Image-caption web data
● ● ●

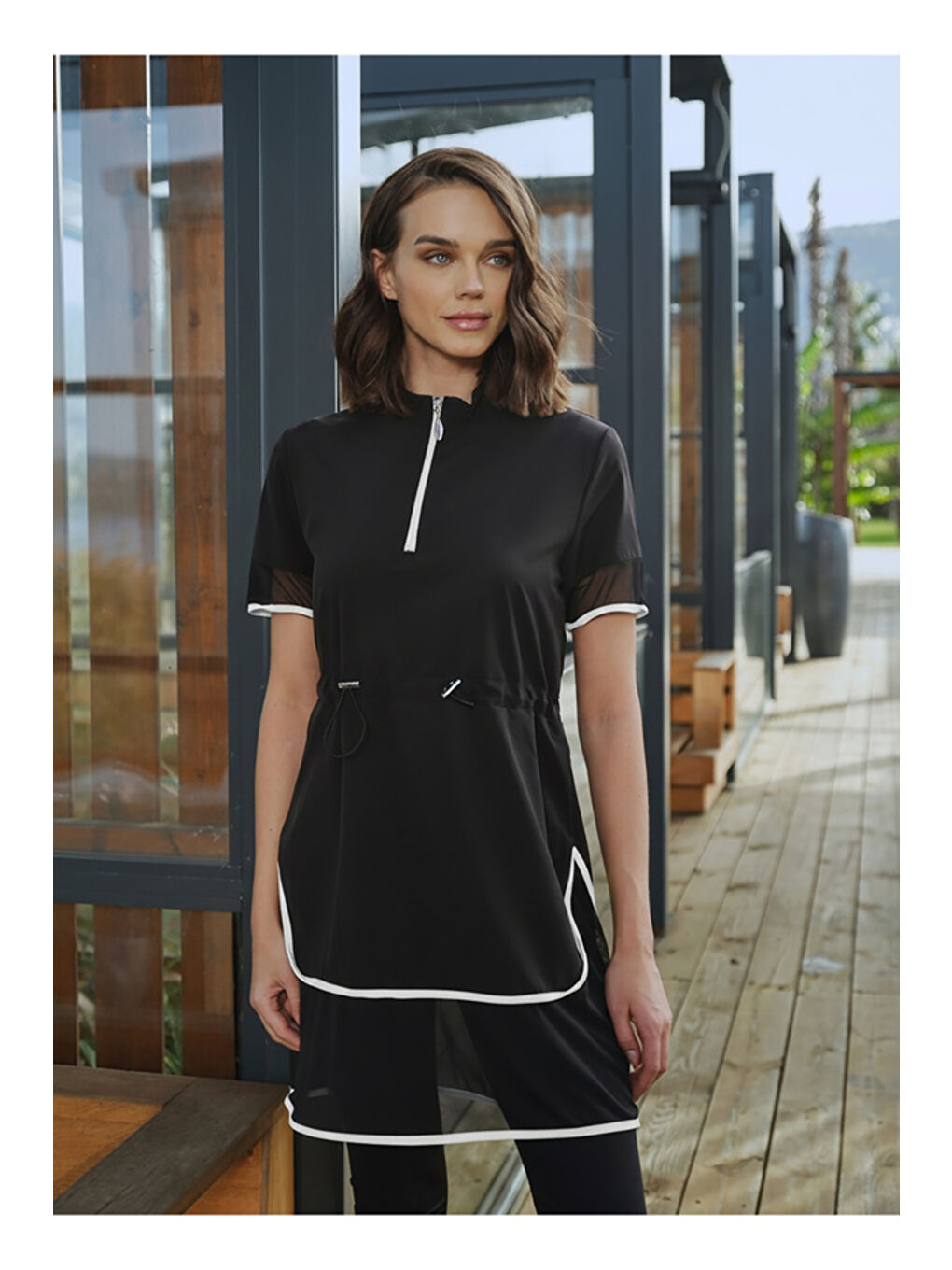 Siyah Kadın Kısa Kollu Biyeli Fermuarlı Spor Kaprili Hızlı Kuruyan Spor Kapalı Genç Mayo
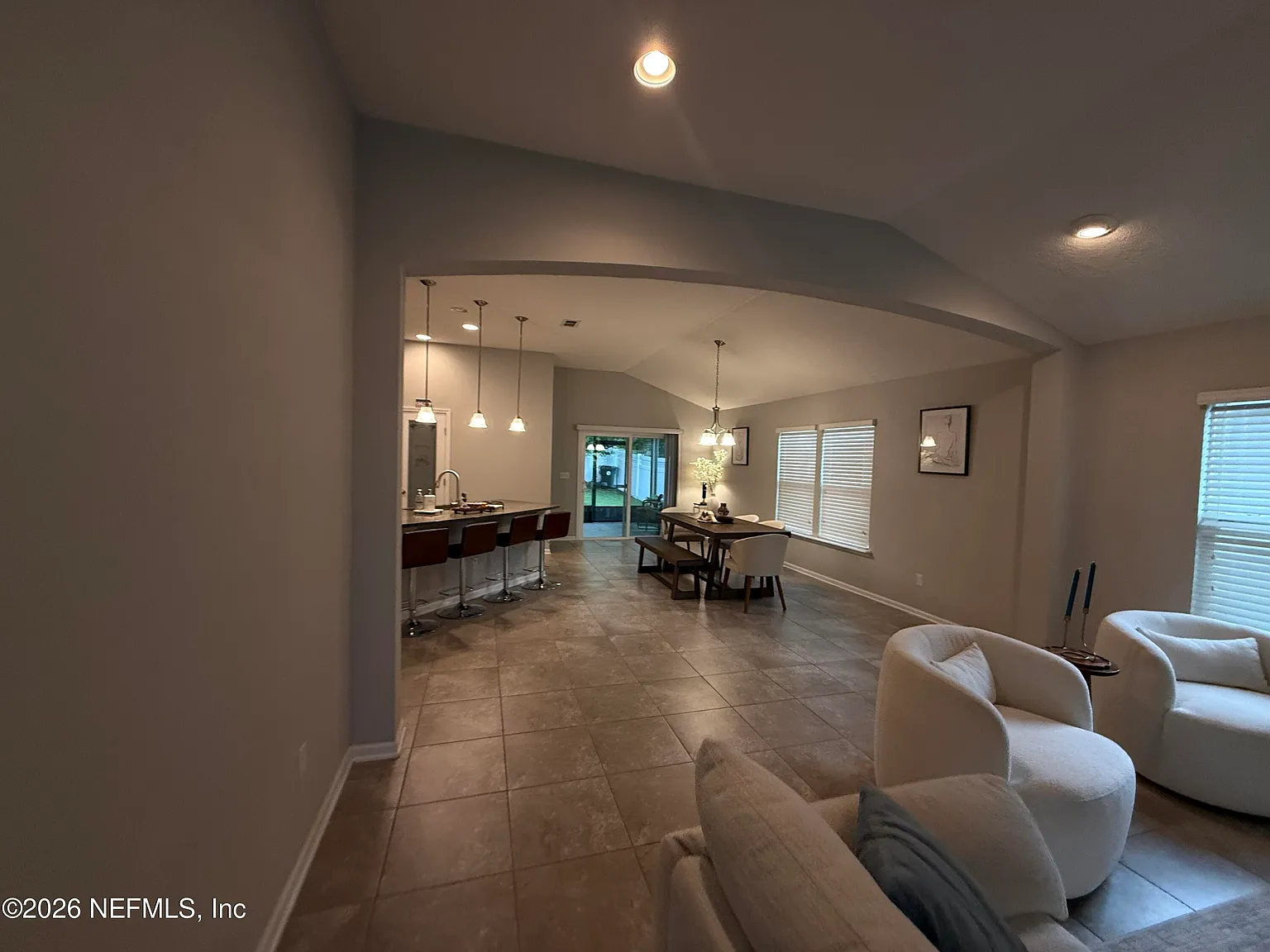 3 bed, 2.0 bath, 1709 sqft, $2,395 — Photo 3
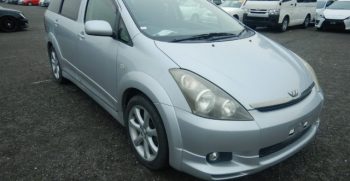 Toyota Wish 2004
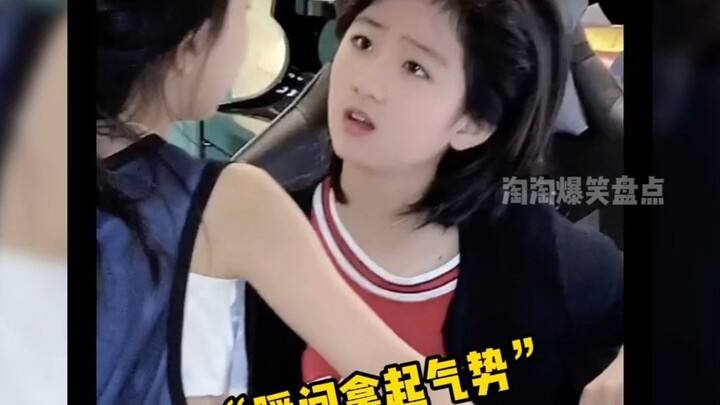 Sự áp chế từ huyết thống của chị gái, nhìn là biết ngay là chị ruột.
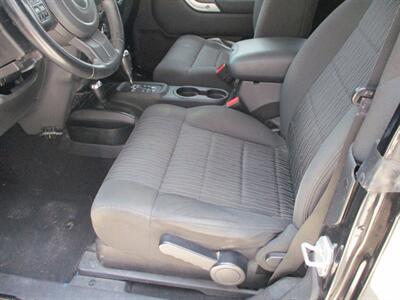 2012 Jeep Wrangler SAHARA   - Photo 7 - Santa Fe, TX 77510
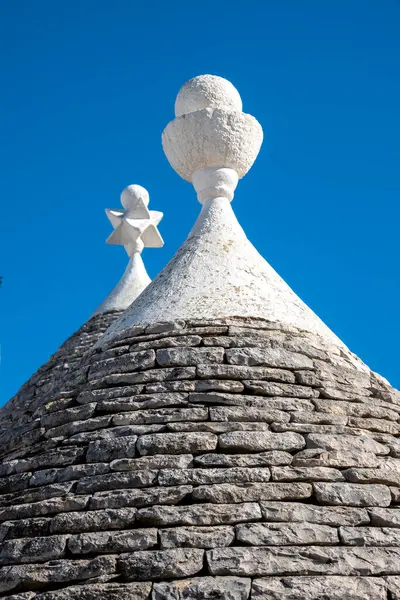 Trullo, Alberobello, İtalya 'nın zirvesine yakın çekim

● ● ●

● **Task goal**: Keep every word of the records exact as you write them out, but drop the pictures.

● **Your solution**:
 Siyah Kadın Kısa Kollu Biyeli Fermuarlı Spor Kaprili Hızlı Kuruyan Spor Kapalı Genç Mayo
 3 bed, 2.0 bath, 1709 sqft, $2,395 — Photo 3
 Toyota Wish 2004
 Sự áp chế từ huyết thống của chị gái, nhìn là biết ngay là chị ruột.
 2012 Jeep Wrangler SAHARA   - Photo 7 - Santa Fe, TX 77510
 Trullo, Alberobello, İtalya 'nın zirvesine yakın çekim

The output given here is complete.